• Action item
Output the line that contains "Frankreich, Region Aquitanien, Gironde" and every line after it to the end of the entries, with nothing added or left out.

[Short web captions]
_____

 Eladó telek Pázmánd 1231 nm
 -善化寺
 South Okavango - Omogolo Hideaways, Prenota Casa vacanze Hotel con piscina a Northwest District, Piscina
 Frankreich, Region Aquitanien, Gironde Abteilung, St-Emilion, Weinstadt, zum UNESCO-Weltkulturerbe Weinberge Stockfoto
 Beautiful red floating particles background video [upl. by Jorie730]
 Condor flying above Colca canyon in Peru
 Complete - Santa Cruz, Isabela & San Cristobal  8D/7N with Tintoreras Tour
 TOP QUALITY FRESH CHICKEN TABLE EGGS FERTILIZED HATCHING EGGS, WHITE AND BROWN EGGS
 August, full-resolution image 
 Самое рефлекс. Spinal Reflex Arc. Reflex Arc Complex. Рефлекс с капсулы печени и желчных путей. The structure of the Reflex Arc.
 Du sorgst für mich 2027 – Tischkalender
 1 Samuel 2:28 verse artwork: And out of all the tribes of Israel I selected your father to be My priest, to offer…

_____

• Your solution
 Frankreich, Region Aquitanien, Gironde Abteilung, St-Emilion, Weinstadt, zum UNESCO-Weltkulturerbe Weinberge Stockfoto
 Beautiful red floating particles background video [upl. by Jorie730]
 Condor flying above Colca canyon in Peru
 Complete - Santa Cruz, Isabela & San Cristobal  8D/7N with Tintoreras Tour
 TOP QUALITY FRESH CHICKEN TABLE EGGS FERTILIZED HATCHING EGGS, WHITE AND BROWN EGGS
 August, full-resolution image 
 Самое рефлекс. Spinal Reflex Arc. Reflex Arc Complex. Рефлекс с капсулы печени и желчных путей. The structure of the Reflex Arc.
 Du sorgst für mich 2027 – Tischkalender
 1 Samuel 2:28 verse artwork: And out of all the tribes of Israel I selected your father to be My priest, to offer…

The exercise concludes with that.